**Available data**
┄┄┄┄┄┄┄┄┄┄

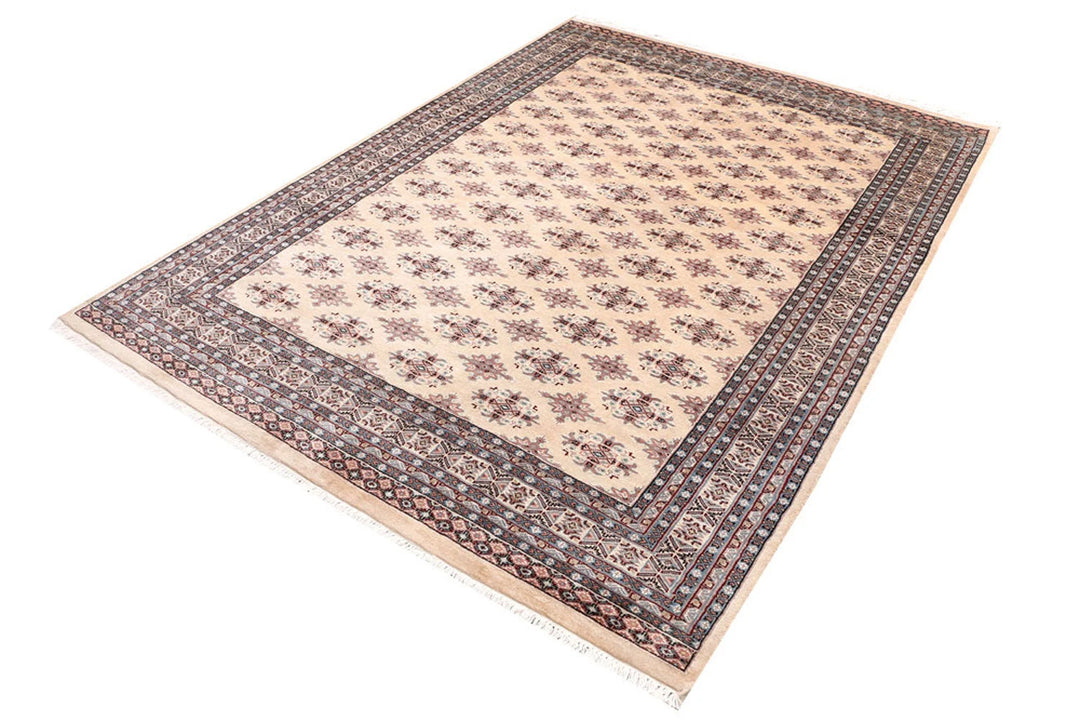 Brown Pakistani Jaldar Rug 6' 2" x 8' 6" Hand-Knotted | No. QA51280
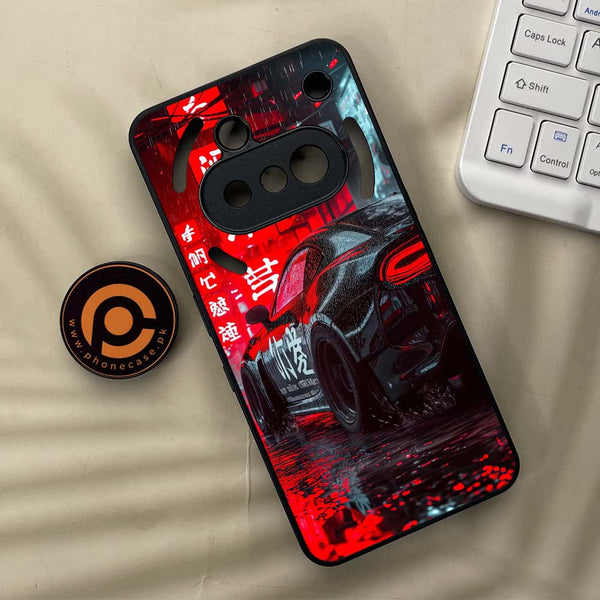 Nothing Phone 3a - Tokyo Dark Night Racing Car - Premium Metal Printed soft Bumper shock Proof Case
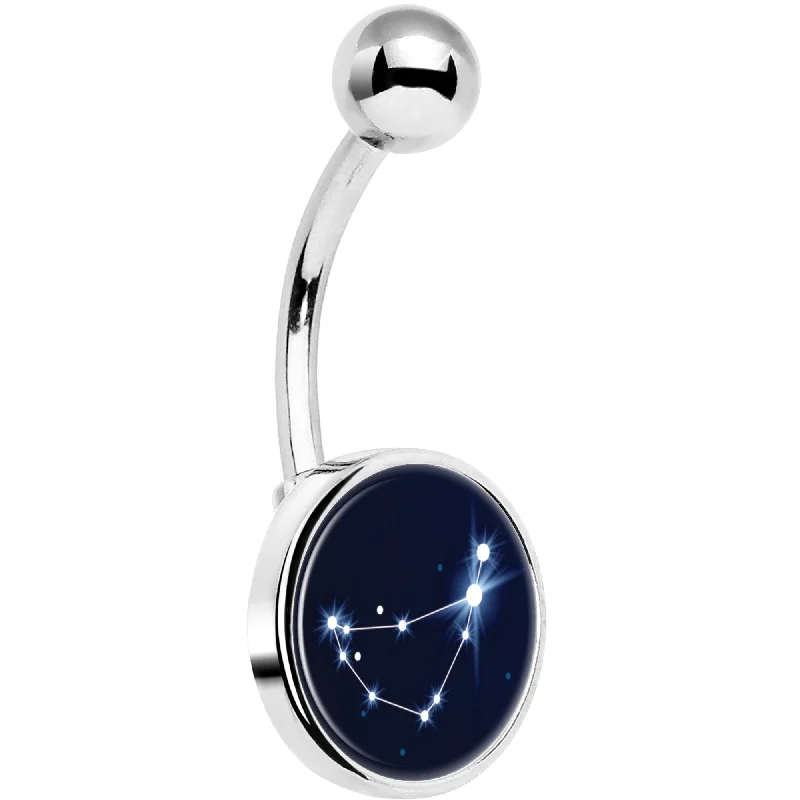 Trendy Belly Rings for Fashion-Lovers -Zodiac Constellation Capricorn Belly Ring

┄┄┄┄┄┄┄┄┄┄

**Work to complete**
The output should hold only the lines from the one containing "Nothing Phone 3a" through the last line of the listing, reproduced exactly, pictures omitted.

**The answer**
 Nothing Phone 3a - Tokyo Dark Night Racing Car - Premium Metal Printed soft Bumper shock Proof Case
 Trendy Belly Rings for Fashion-Lovers -Zodiac Constellation Capricorn Belly Ring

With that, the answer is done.